Benzyl alcohol oxidation to benzaldehyde was performed by tert-butyl hydroperoxide (TBHP) in the absence of any solvent using γ-Al2O3 supported copper and gold nanoparticles. Li2O and ionic liquids were used as additive and stabilizers for the synthesis of the catalysts. The physico-chemical properties of the catalysts were characterized by atomic absorption spectroscopy (AAS), X-ray diffraction spectroscopy (XRD), N2 absorption/desorption (BET), transmission electron microscopy (TEM), scanning electron microscopy (SEM), thermogravimetric analysis (TGA) and temperature programmed reduction (TPR), whereas, the oxidation reaction was followed by gas chromatography with a flame ionization detector (GC-FID).
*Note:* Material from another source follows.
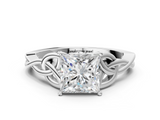 White gold Princess Solitaire Celtic Knot Engagement Ring with Four-Prong Setting_119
The as prepared catalysts exhibited good catalytic performance in terms of conversion and selectivity towards benzaldehyde. The performance of the Au-based catalysts is significantly higher than that of the Cu-based catalysts. For both Cu and Au catalysts, the conversion of benzyl alcohol increased as the reaction proceeds, while the selectivity for benzaldehyde decreased. Moreover, the catalysts can be easily recycled and reused with neither significant loss of activity nor selectivity. A kinetic study for the Cu and Au-catalyzed oxidation of benzyl alcohol to benzyldehyde is reported. The rate at which the oxidation of benzyl alcohol is occurring as a function of catalyst and oxidant amounts was investigated, with the apparent rate constant, kapp being proportional to the amount of nano catalyst and oxygen present in the system.